## Activity:
In the records that follow, skip the pictures and print everything else exactly.

## Task input:

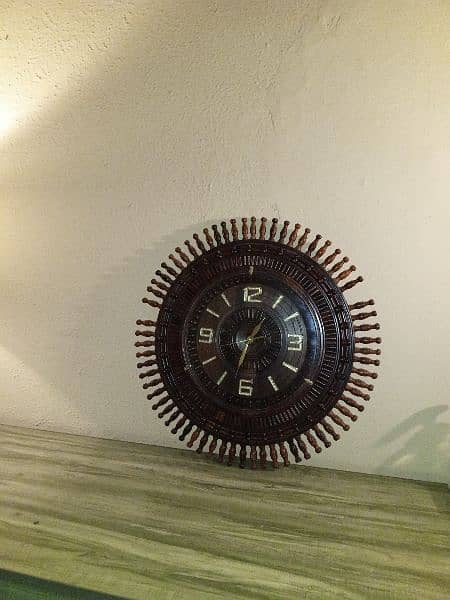 brand new clock from  chiniout 1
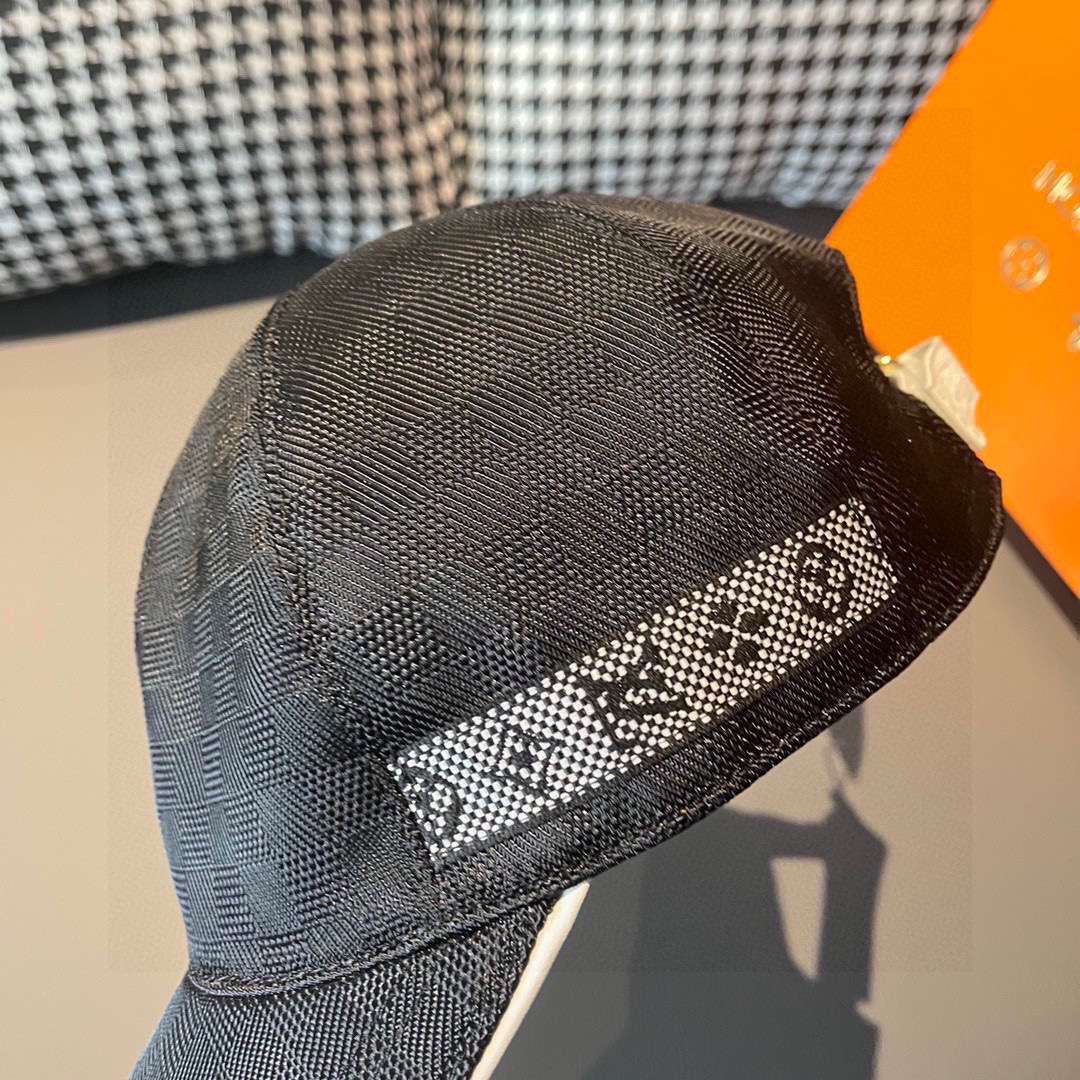 L0vis Vvtt0n Epi Monogram Cap Black For Men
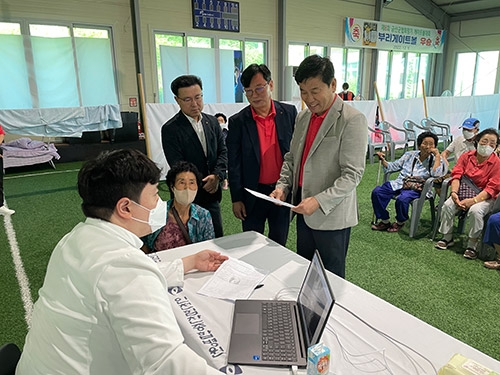 ▲ 황기훈 충남세종농협부본장(왼쪽), 김경민 농협금산군지부장(가운데), 길영진 부리농협조합장(오른쪽)이 진료중인 농업인과 인천힘찬종합병원 의료진을 격려하고 있다.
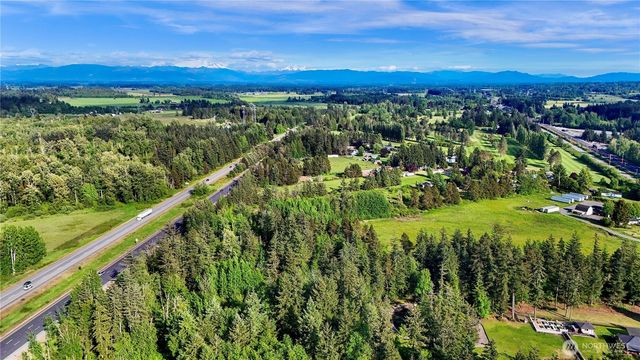 7928 Portal Way, Custer, WA 98240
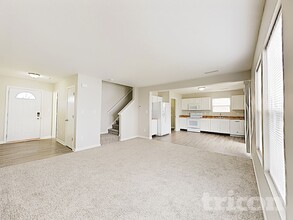 3203 Brandenburg Dr in Indianapolis, IN - Foto de edificio - Building Photo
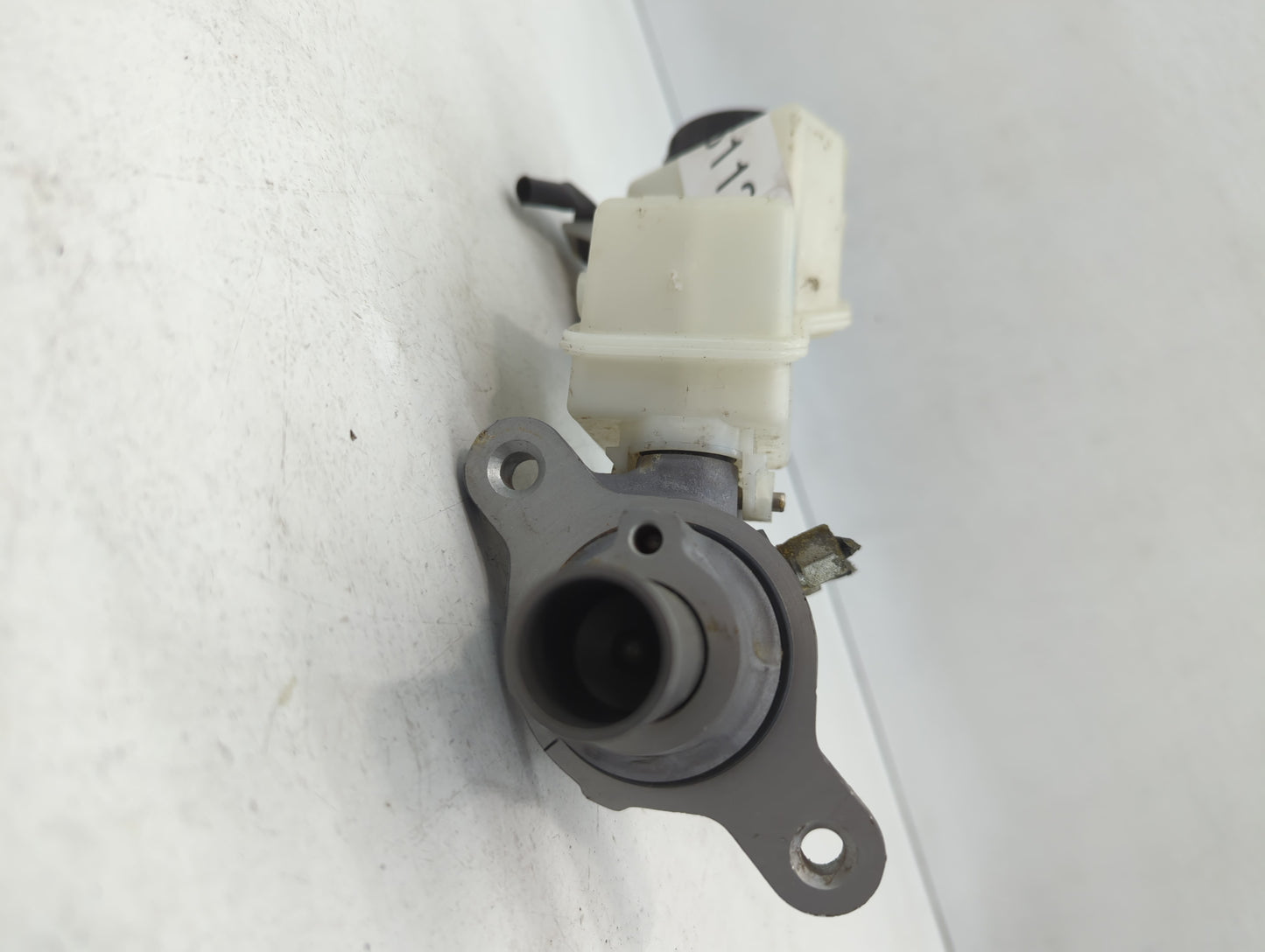 2009-2014 Nissan Maxima Brake Master Cylinder - Oemusedautoparts1.com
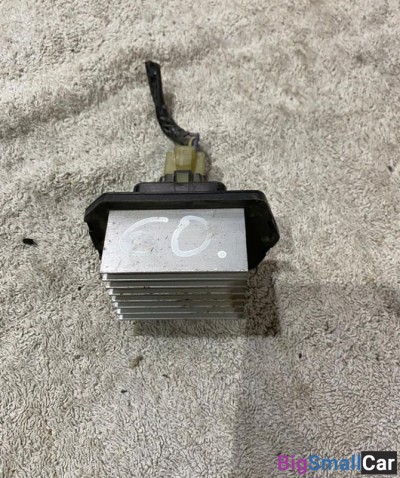 Резистор печки Honda Stream - купить Батайске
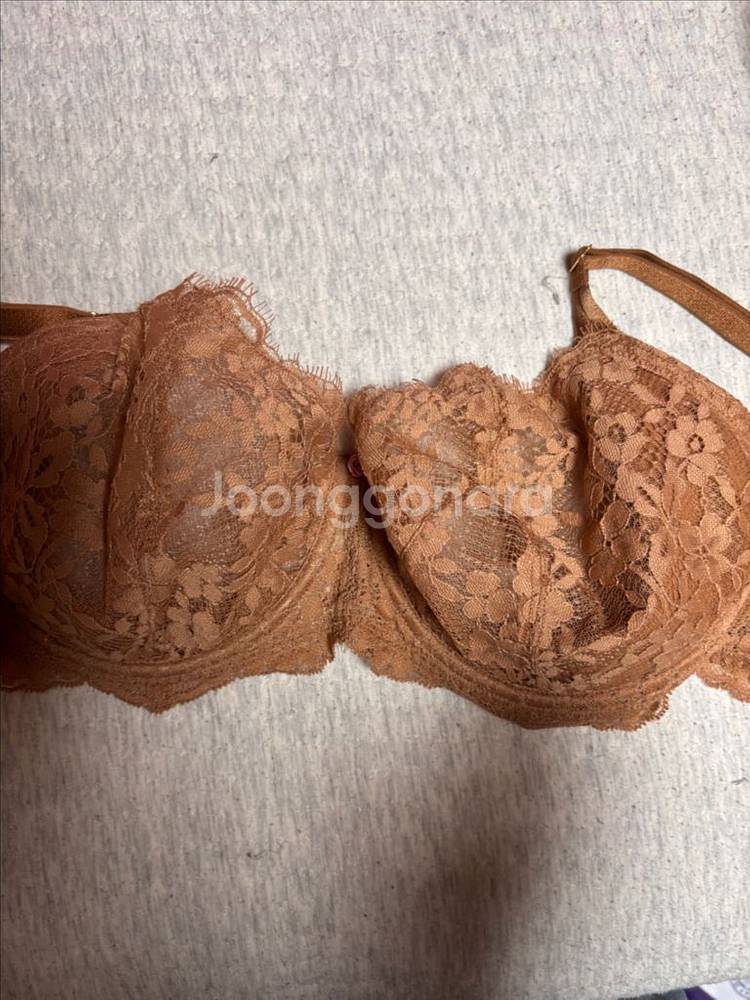 빅토리아시크릿 홑겹 레이스풀컵브라 택채 새상품 36DD--0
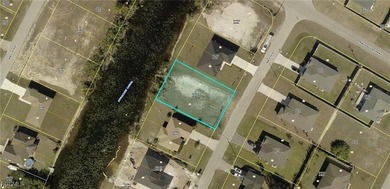 Cape Coral Lakes Area Lot For Sale in Cape Coral Florida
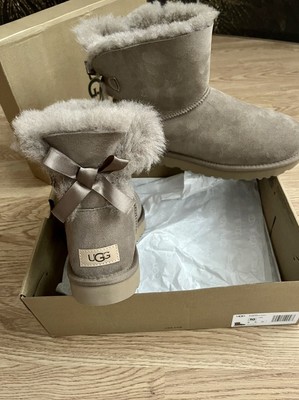 Neu OVP UGG Boots Mini Bailey Bow II Gr. 41 Caramel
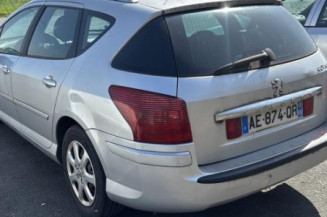 Pare choc arriere PEUGEOT 407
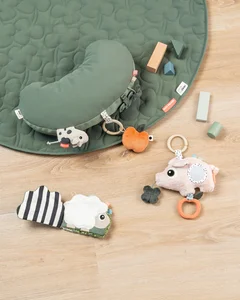 Done by Deer развивающая подушка Tiny farm Green - Taf Toys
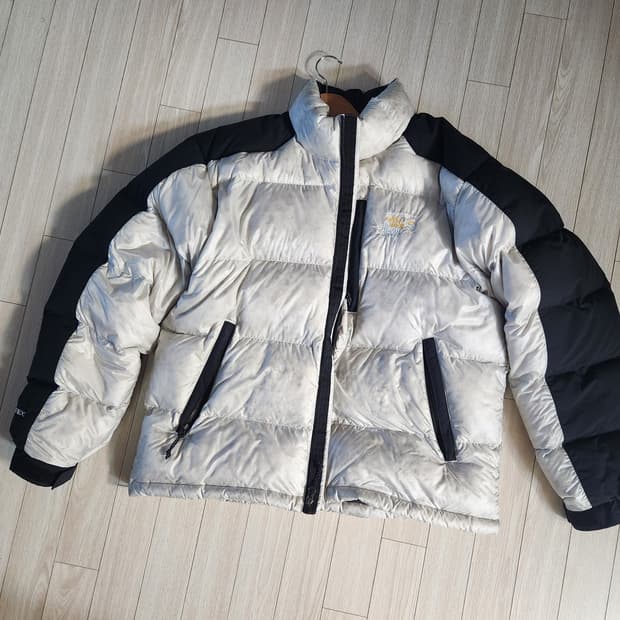 스투시 x 마운틴하드웨어 다운패딩 M 문샷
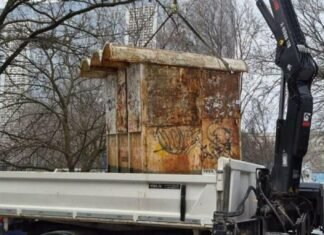 В Запорожье принудительно демонтировали незаконный МАФ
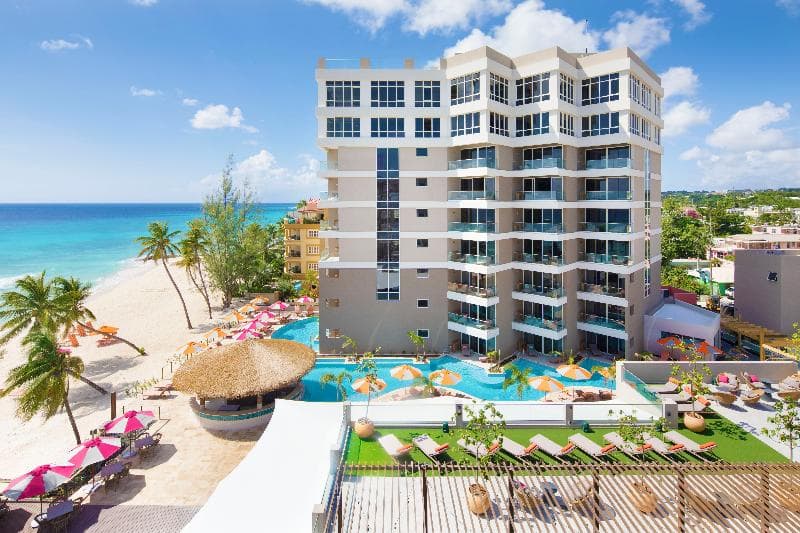 O2 Beach Club & Spa 3
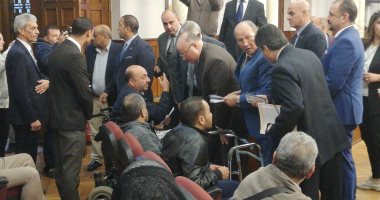 محافظ القاهرة: لا ندخر جهدا فى مساعدة الفئات الأولى بالرعاية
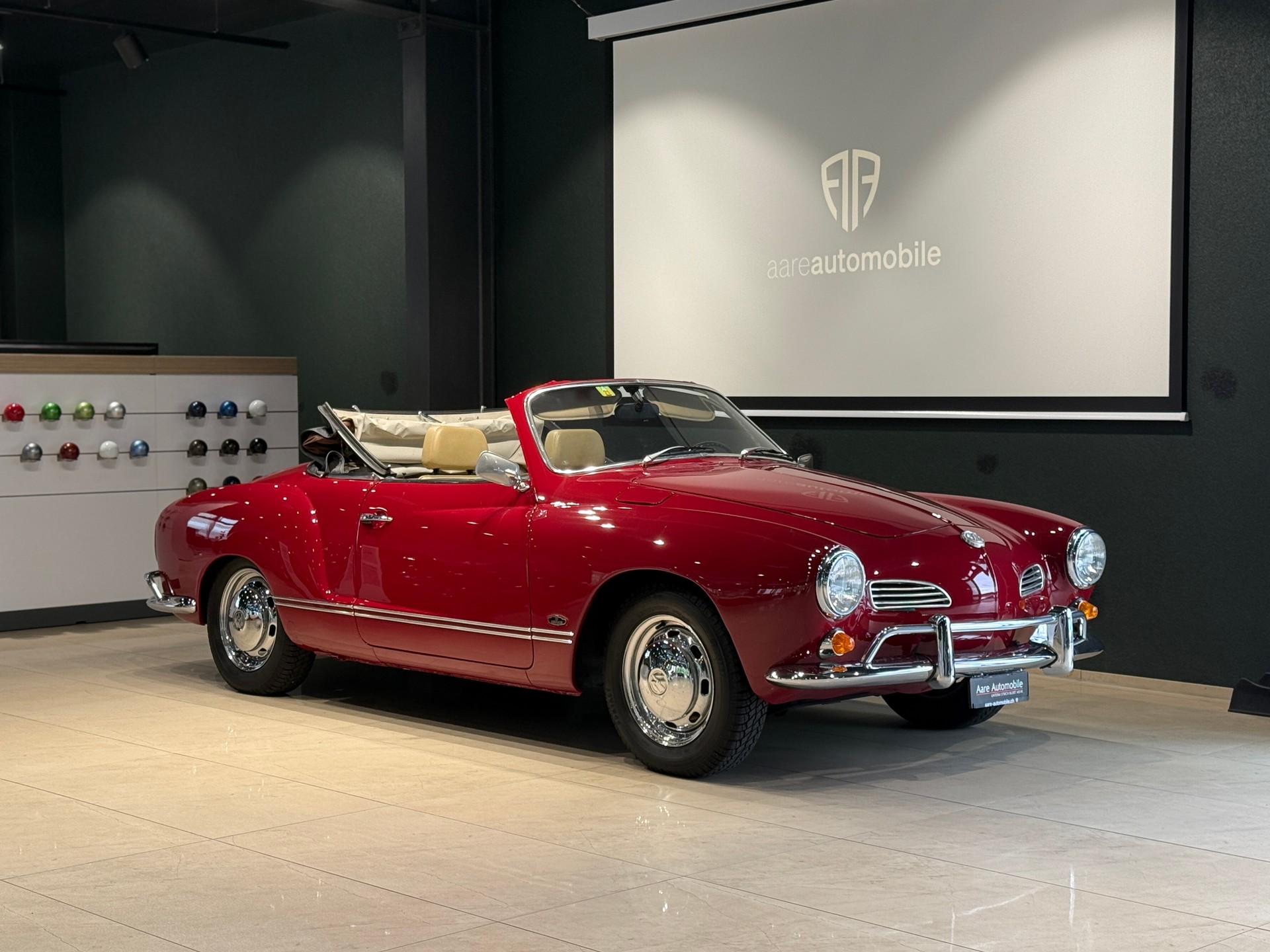 VW KARMANN-GHIA-showroom-element-1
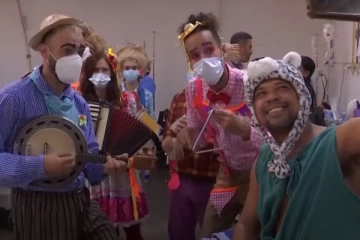 நோயாளிகளை குதூகலப்படுத்திய மருத்துவர்கள்!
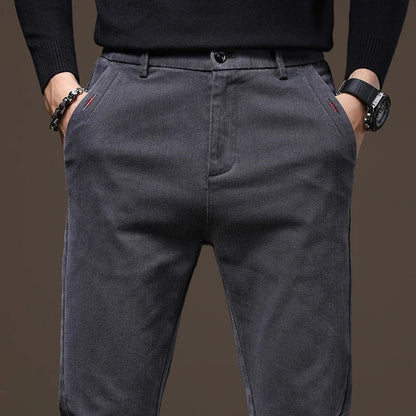 Tendenza | Pantaloni Slim Elasticizzati per Stile e Comfort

## The completed task:
 brand new clock from  chiniout 1
 L0vis Vvtt0n Epi Monogram Cap Black For Men
 ▲ 황기훈 충남세종농협부본장(왼쪽), 김경민 농협금산군지부장(가운데), 길영진 부리농협조합장(오른쪽)이 진료중인 농업인과 인천힘찬종합병원 의료진을 격려하고 있다.
 7928 Portal Way, Custer, WA 98240
 3203 Brandenburg Dr in Indianapolis, IN - Foto de edificio - Building Photo
 2009-2014 Nissan Maxima Brake Master Cylinder - Oemusedautoparts1.com
 Резистор печки Honda Stream - купить Батайске
 빅토리아시크릿 홑겹 레이스풀컵브라 택채 새상품 36DD--0
 Cape Coral Lakes Area Lot For Sale in Cape Coral Florida
 Neu OVP UGG Boots Mini Bailey Bow II Gr. 41 Caramel
 Pare choc arriere PEUGEOT 407
 Done by Deer развивающая подушка Tiny farm Green - Taf Toys
 스투시 x 마운틴하드웨어 다운패딩 M 문샷
 В Запорожье принудительно демонтировали незаконный МАФ
 O2 Beach Club & Spa 3
 محافظ القاهرة: لا ندخر جهدا فى مساعدة الفئات الأولى بالرعاية
 VW KARMANN-GHIA-showroom-element-1
 நோயாளிகளை குதூகலப்படுத்திய மருத்துவர்கள்!
 Tendenza | Pantaloni Slim Elasticizzati per Stile e Comfort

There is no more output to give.